Lewisham Council have come under fire after a mum had her care package for her two autistic sons drastically cut with no explanation.

The brothers both have autism and other special educational needs and received a care package that included seven hours a week short break payments and 24 nights a year respite accommodation.

The council reviewed both boys’ packages without giving the mother the chance to comment and decided the younger brother did not need respite accommodation.

His direct payments were reduce from seven hours per week to four, and the older boy’s days where he could stay at respite accommodation was cut in half.

The Local Government and Social Care Ombudsman, an independent organisation that looks at complaints about public services, took on her case and presented her complaints to Lewisham Council.

Even once the ombudsman got involved, the council took eight months to respond to the complaints.

Michael King, Local Government and Social Care Ombudsman, said: “In this case the children’s situation had not changed but Lewisham council reduced the level of care it provided.

“The mother has been left upset about not knowing why their support was reduced, or having any kind of input into its review.”

The ombudsman criticised the council for failing to involve the mum in the assessment and failing to deal with her complaint for months on end.

Lewisham Council have been told to apologise to the mum and pay her £400 for the avoidable distress caused and a further £150 for the time and trouble in pursuing her complaint.

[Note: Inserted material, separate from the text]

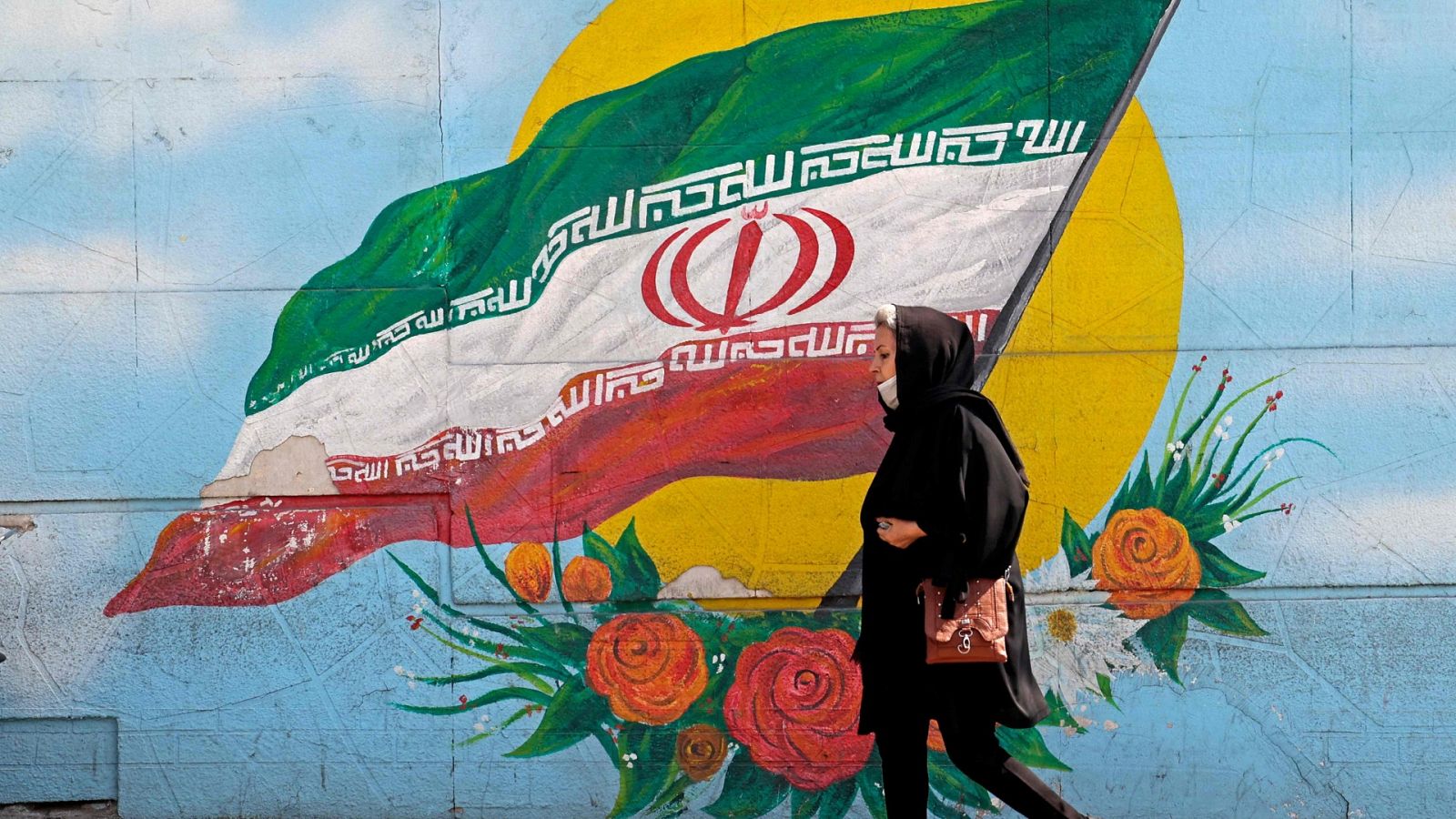 Una mujer pasa por delante de un mural en Teheran, Irán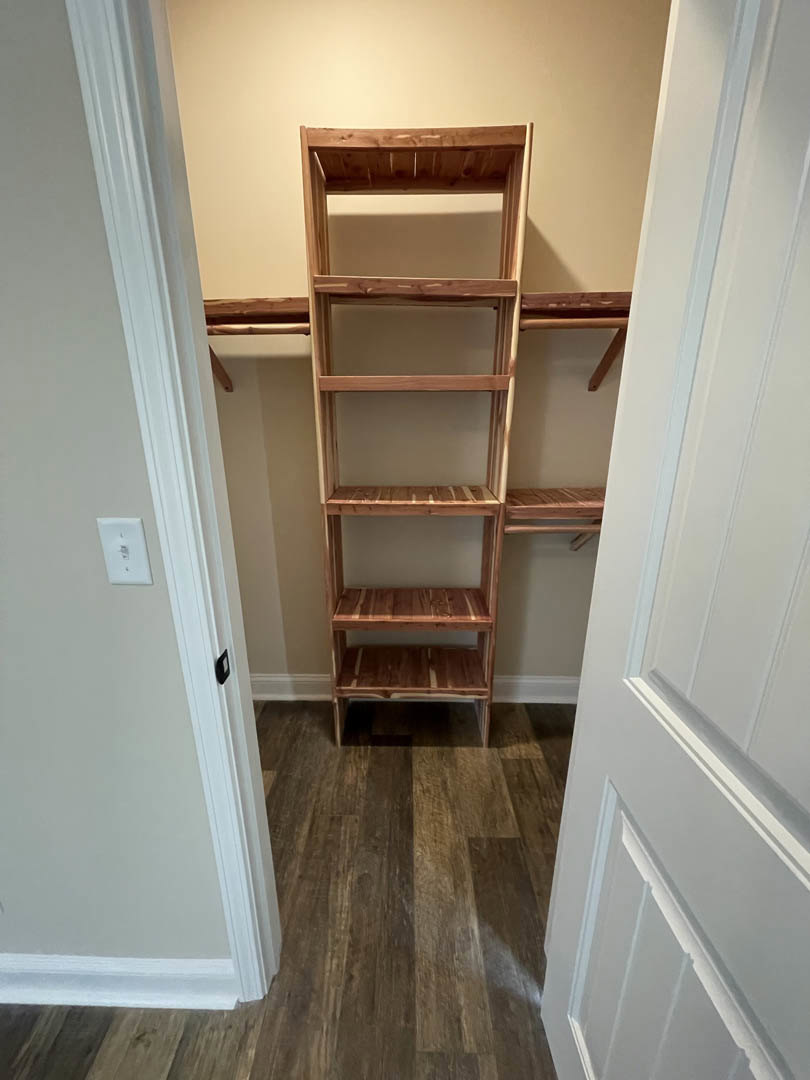 Walk-in closet with built-in wooden shelves, white walls, wood flooring, white baseboard trim, and visible electrical outlet and light switch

Mr King said: “The statutory children’s complaints procedure is there to protect vulnerable children and young people and has been operational for more than 10 years.

“Councils should know by now how to identify a children’s services complaint and use the correct process.

“However, regardless of which statutory procedure is used, councils should follow simple good practice: involve people in decisions which affect them, and respond promptly to concerns.”

A Lewisham Council spokesperson said: “We accept the Ombudsman's findings and we are acting on the recommendations and have apologised.

“We have already reviewed our processes and procedures that are in place to ensure this situation doesn’t happen again.”